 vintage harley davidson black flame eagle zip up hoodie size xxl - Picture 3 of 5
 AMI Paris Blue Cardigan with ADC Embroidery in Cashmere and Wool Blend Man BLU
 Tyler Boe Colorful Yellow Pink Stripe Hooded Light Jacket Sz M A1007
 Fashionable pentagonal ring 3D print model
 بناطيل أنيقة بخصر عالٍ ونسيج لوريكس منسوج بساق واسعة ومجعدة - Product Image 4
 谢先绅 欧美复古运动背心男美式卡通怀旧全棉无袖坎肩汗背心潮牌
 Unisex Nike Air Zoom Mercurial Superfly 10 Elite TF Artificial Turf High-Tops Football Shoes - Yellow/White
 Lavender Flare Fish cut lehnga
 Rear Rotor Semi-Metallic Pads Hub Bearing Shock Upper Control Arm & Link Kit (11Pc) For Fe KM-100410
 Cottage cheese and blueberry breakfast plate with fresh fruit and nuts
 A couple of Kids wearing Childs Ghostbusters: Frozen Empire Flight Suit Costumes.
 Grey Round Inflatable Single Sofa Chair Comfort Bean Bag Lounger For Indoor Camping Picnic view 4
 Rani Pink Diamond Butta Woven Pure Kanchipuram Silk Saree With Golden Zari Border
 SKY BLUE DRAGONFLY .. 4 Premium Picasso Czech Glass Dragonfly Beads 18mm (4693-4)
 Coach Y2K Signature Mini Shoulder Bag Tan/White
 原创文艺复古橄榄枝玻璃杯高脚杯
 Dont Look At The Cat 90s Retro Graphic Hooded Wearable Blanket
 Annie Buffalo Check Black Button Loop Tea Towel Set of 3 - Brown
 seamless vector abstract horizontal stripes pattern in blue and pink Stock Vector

Work request: Keep both end lines and retype everything in the records above from the line containing "谢先绅 欧美复古运动背心男美式卡通怀旧全棉无袖坎肩汗背心潮牌" through the line containing "原创文艺复古橄榄枝玻璃杯高脚杯", exactly, with nothing else.

Result:
 谢先绅 欧美复古运动背心男美式卡通怀旧全棉无袖坎肩汗背心潮牌
 Unisex Nike Air Zoom Mercurial Superfly 10 Elite TF Artificial Turf High-Tops Football Shoes - Yellow/White
 Lavender Flare Fish cut lehnga
 Rear Rotor Semi-Metallic Pads Hub Bearing Shock Upper Control Arm & Link Kit (11Pc) For Fe KM-100410
 Cottage cheese and blueberry breakfast plate with fresh fruit and nuts
 A couple of Kids wearing Childs Ghostbusters: Frozen Empire Flight Suit Costumes.
 Grey Round Inflatable Single Sofa Chair Comfort Bean Bag Lounger For Indoor Camping Picnic view 4
 Rani Pink Diamond Butta Woven Pure Kanchipuram Silk Saree With Golden Zari Border
 SKY BLUE DRAGONFLY .. 4 Premium Picasso Czech Glass Dragonfly Beads 18mm (4693-4)
 Coach Y2K Signature Mini Shoulder Bag Tan/White
 原创文艺复古橄榄枝玻璃杯高脚杯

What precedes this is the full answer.